RNA-seq analysis pipeline

This is a Snakemake based pipeline for RNA-seq used in the Tumor Genome Core Analysis housed in the Cancer Center Amsterdam, at Amsterdam UMC location VUmc and part of the Department of Pathology.

The pipeline processes raw data from FastQ inputs (FastQC, Trimmomatic), aligns the reads (STAR), generates gene counts (featureCounts) and performs quality-control on the results (MultiQC).

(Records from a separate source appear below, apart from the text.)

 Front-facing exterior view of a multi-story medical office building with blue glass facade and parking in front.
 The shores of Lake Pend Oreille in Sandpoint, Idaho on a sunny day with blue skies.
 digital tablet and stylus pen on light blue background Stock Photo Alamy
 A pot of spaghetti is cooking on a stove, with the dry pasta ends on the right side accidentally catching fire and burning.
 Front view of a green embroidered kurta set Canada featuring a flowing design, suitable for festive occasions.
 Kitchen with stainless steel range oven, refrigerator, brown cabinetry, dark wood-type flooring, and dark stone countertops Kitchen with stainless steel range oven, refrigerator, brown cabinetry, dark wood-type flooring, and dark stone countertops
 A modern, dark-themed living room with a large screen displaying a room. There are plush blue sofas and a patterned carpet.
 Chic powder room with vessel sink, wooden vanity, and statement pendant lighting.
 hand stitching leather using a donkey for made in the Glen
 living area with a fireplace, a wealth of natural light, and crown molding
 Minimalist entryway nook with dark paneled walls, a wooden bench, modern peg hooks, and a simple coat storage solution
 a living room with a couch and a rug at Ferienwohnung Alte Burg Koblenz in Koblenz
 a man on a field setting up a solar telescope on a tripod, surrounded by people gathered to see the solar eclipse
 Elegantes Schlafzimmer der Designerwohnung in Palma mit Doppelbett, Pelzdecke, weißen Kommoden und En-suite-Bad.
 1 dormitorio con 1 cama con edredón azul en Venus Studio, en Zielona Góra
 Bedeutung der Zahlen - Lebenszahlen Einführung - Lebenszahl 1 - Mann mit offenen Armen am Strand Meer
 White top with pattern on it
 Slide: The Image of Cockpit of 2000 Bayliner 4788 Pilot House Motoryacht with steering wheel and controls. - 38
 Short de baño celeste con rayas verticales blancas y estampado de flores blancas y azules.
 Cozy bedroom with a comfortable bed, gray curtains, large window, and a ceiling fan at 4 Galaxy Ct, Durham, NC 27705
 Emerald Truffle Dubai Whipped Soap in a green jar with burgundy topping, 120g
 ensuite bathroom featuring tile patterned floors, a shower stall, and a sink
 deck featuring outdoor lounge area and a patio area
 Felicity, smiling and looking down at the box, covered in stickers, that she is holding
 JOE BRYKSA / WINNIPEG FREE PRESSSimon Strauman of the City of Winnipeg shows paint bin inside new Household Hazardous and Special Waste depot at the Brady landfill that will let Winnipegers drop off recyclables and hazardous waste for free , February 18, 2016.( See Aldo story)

Paired-end (PE) and single read (SR) are supported.

Installation

The pipeline is preliminary used in linux environment with conda/singularity available.

Using Conda

Step 1: Installing Miniconda 3

First, please open a terminal or make sure you are logged into your Linux VM. Assuming that you have a 64-bit system, on Linux, download and install Miniconda 3 with:

wget https://repo.continuum.io/miniconda/Miniconda3-latest-Linux-x86_64.sh
bash Miniconda3-latest-Linux-x86_64.sh

On MacOS X, download and install with:

curl https://repo.continuum.io/miniconda/Miniconda3-latest-MacOSX-x86_64.sh -o Miniconda3-latest-MacOSX-x86_64.sh
bash Miniconda3-latest-MacOSX-x86_64.sh

Step 2: Downloading repository & creating environment

mkdir snakemake_RNAseq
cd snakemake_RNAseq
git clone https://github.com/tgac-vumc/RNA-seq
conda env create --name RNAseq --file env.yaml

Using Singularity

The singularity container holds a virtual environment of CentOS 7 and it's available with:

singularity pull shub://tgac-vumc/RNA-seq

Path Configuration & Running the pipeline

Before attempting to run the pipeline, please open config.yaml. Inside, you will encounter Path Configuration and Software Options.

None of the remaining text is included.